The jurisprudence generated by receiverships over the last two decades has provided welcomed guidance on various aspects of contract law and equitable principles. The recent ex tempore decision in the matter of Patrick McCann v Start Mortgages DAC, Ken Fennell, James Anderson and BRG Gibson Auctions[1] demonstrates that parties must come to the Court for assistance in a timely manner and with clean hands.
The facts
The Plaintiff brought an application for interlocutory relief to prohibit the Defendants from offering, by way of auction a portion of charged property in County Meath.
Although all the details did not appear to be before the Court when interim relief was granted, the timeline of events is important.
A Plenary Summons issued on Thursday, 22 September 2022. At approximately 17.20 on Tuesday, 27 September 2022 an application was brought for short service of a motion for interlocutory relief returnable to Thursday, 29 September 2022 at 11am.
The auction of the property was to take place on the Thursday, 29 September 2022 at 12noon.

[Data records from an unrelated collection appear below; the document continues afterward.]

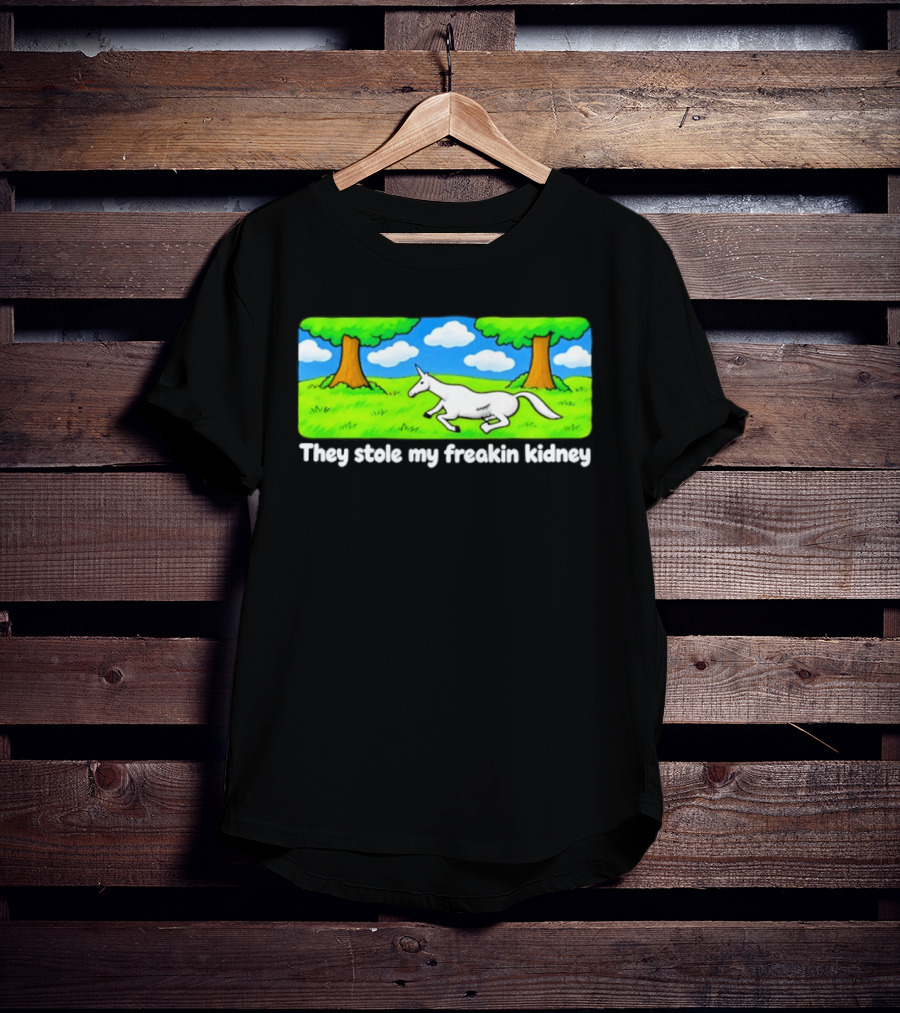 They Stole My Freakin Kidney Unicorn Cartoon Scene T-Shirt
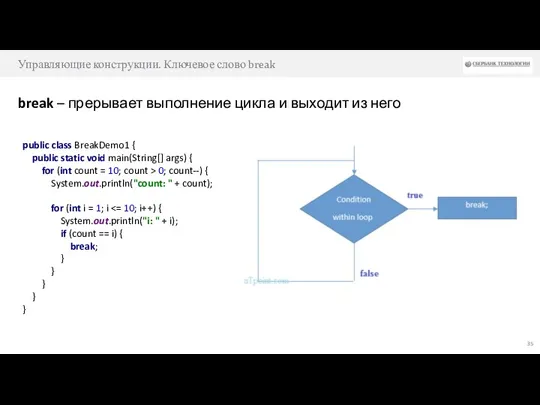 Управляющие конструкции. Ключевое слово break break – прерывает выполнение цикла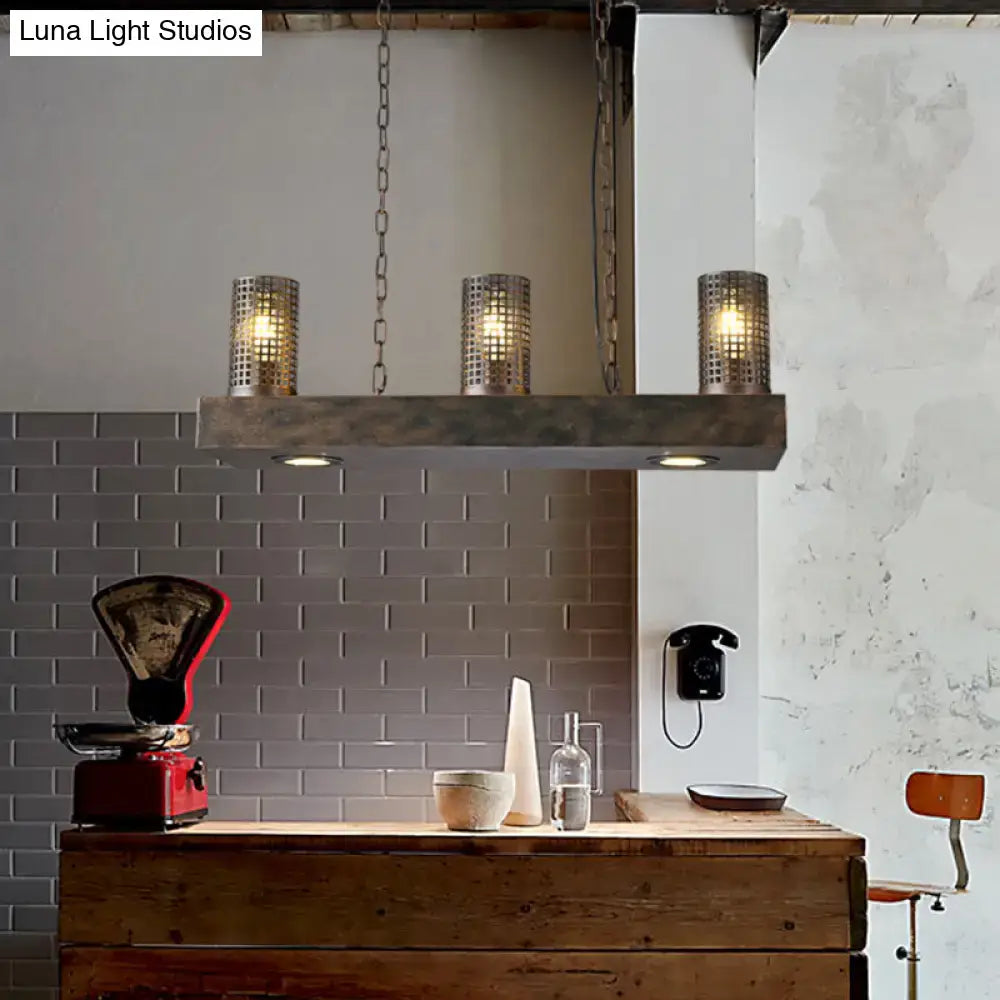 Industrial bronze & black hanging ceiling light cylinder metal shade kitchen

A vacation judge was obliged to hear the interlocutory application to prevent the auction while the auction was in fact ongoing. The Defendants volunteered an undertaking not to progress the sale until the matter next came before the Court, but could not stop the auction proceeding at such a late stage. The Court Order was made at 13.24, but in fact, the property sold at 13.31.
The Defendants argued that the Plaintiff's relief be denied on the grounds of delay. 

The Judgment
While full details of the date of the appointment of a Receiver are not recited in the judgment, it was evident that the Plaintiff was aware of the Receiver being appointed and subsequently securing the property from early August 2022 and accordingly, the Court held that "the Plaintiff was at least aware of the risk that the Property might be sold". Furthermore, the Court commented that the Plaintiff had to have been aware "relatively quickly after the first publication of the action" of the intention to sell the Property.
Proceedings issued on 22 September 2022, but were not served on the Defendants. Despite a Motion seeking short service coming before the Court on the following Tuesday, it was only on the morning of the auction on the Thursday that a copy of the Motion papers were served on the Defendants. In the context of an application for short service and urgent relief of this kind, the Court held that this constituted "excessive delay".
The Court went on to consider the balance of issues such as whether there was a fair issue to be tried and concluded, inter alia, averments at the level of general level of assertion and inconsistencies between affidavit and oral evidence deprived the Plaintiff of an entitlement to the relief sought.

Interlocutory relief is sought to maintain the status quo and protect the rights of parties but the Court has now held that applications for such relief  must be brought in a timely manner. An eleventh-hour application to frustrate or ambush the sale of a property is rarely likely to succeed but if there is to be any hope of the success of such an application, it should be brought on notice to all relevant parties as soon as possible.
This judgment serves as a useful reminder that once on notice of a sale of a property, act sooner rather than later as "delay of that kind negates any entitlement to such urgent, mandatory relief".
As a final analysis, interlocutory relief is governed by the law of Equity and as such subject to the various equitable maxims. This case clearly reaffirms the equitable maxim that Delay Defeats Equity!